Importance in Life. Our feelings and emotions are the fountains from which nearly all our volitional actions flow. Feeling is the mainspring of life. Nearly everything we do is prompted by love, or hate, or fear, or jealousy, or rivalry, or anger, or grief. If the feelings have such close relation to action, then the schools must take them into account, for by education we seek to control action. If the feelings control action, then we must try to control the feelings. We must get the child into a right state of mind toward the school, toward his teacher, and toward his work. The child must like the school, like the teacher, and want to learn.
Moreover, we must create the right state of mind in connection with each study, each task. The child must come to feel the need and importance of each individual task as well as of each subject. The task is then desirable, it is to be sought for and worked at, it is important for life.
This is merely enlisting the child’s nature in the interest of his education. For motive, we must always look to the child’s nature. The two great forces which pull and drive are pleasure and pain. Nature has no other methods. Formerly the school used pain as its motive almost exclusively. The child did his tasks to escape pain. For motive we now use more often the positive influences which give pleasure, which pull instead of drive. What will one not do for the loved one? What will one not do to the hated one? The child who does not love his teacher gets little good from school while under that teacher. Moreover, school work is often a failure because it is so unreal, has so little relation to an actual world, and seems foreign to any real needs of the child. No one is going to work very hard unless the work is prompted by desire. Our desires come from our needs. Therefore, if we are to enlist the child’s feelings in the service of his education, we must make the school work vital and relate it, if possible, to the actual needs of the child.
It must not be forgotten, however, that we must build up permanent attitudes of respect for authority, obedience, and reverence for the important things of life. Neither must it be forgotten that we can create needs in the child. If in the education of the child we follow only such needs as he has, we will make a fine savage of him but nothing else. It is the business of the school to create in the child the right kind of needs. As was pointed out in our study of the instincts, we must make the child over again into what he ought to be. But this cannot be a sudden process. One cannot arouse enthusiasm in a six-year-old child over the beauties of higher mathematics. It takes ten or fifteen years to do that, and it must be done little by little.

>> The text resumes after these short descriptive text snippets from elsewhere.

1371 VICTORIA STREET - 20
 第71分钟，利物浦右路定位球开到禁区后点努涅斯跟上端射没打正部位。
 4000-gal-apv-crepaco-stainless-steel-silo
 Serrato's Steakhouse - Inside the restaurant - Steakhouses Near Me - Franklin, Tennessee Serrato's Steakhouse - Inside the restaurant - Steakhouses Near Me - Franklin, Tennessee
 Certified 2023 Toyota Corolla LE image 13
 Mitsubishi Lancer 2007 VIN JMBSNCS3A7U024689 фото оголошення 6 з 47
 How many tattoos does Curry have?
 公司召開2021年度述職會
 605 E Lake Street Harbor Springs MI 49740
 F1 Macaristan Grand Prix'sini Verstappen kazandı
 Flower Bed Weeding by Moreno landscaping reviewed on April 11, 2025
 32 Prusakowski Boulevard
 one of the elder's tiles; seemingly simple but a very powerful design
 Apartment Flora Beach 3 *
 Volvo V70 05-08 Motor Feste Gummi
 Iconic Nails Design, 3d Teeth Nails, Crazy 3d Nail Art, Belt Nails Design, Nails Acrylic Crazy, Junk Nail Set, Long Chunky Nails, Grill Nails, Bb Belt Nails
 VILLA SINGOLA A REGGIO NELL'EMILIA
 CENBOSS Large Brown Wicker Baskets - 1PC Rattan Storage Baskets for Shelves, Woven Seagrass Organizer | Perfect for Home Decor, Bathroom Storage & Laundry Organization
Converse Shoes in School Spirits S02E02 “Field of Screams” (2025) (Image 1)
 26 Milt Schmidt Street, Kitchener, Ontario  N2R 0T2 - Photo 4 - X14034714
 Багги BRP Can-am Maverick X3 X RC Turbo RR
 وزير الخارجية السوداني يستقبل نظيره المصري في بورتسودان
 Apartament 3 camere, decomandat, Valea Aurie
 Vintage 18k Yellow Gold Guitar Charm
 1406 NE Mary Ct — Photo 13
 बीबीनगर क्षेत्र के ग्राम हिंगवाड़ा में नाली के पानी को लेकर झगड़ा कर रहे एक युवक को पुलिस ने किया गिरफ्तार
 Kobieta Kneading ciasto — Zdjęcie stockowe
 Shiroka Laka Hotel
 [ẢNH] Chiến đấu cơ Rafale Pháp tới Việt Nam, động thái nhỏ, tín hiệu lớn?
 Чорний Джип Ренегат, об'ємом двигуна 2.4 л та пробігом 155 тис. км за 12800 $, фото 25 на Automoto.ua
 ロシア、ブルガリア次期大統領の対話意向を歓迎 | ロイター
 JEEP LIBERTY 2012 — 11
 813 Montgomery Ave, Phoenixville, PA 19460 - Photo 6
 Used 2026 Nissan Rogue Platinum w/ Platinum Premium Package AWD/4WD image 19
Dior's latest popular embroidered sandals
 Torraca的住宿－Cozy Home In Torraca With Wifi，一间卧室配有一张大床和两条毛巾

Control of the Emotions. Without training, we remain at the mercy of our baser emotions. The child must be trained to control himself. Here is where habit comes in to modify primitive action. The child can be trained to inhibit or prevent the reactions that arise in hatred, envy, jealousy, anger, etc. For a fuller discussion of this point we must wait till we come to the discussion of habit and moral training.
Mood and Temperament. A mood is a somewhat extended emotional state continuing for hours or days. It is due to a continuance of the factors which cause it. The state of the liver and digestive organs may throw one for days into a cross and ugly mood. When the body becomes normal, the mood changes or disappears. Similarly, one may for hours or days be overjoyed, or depressed, or morose, or melancholy. Parents and teachers should look well to the matter of creating and establishing continuous and permanent states of feeling that are favorable to work and development.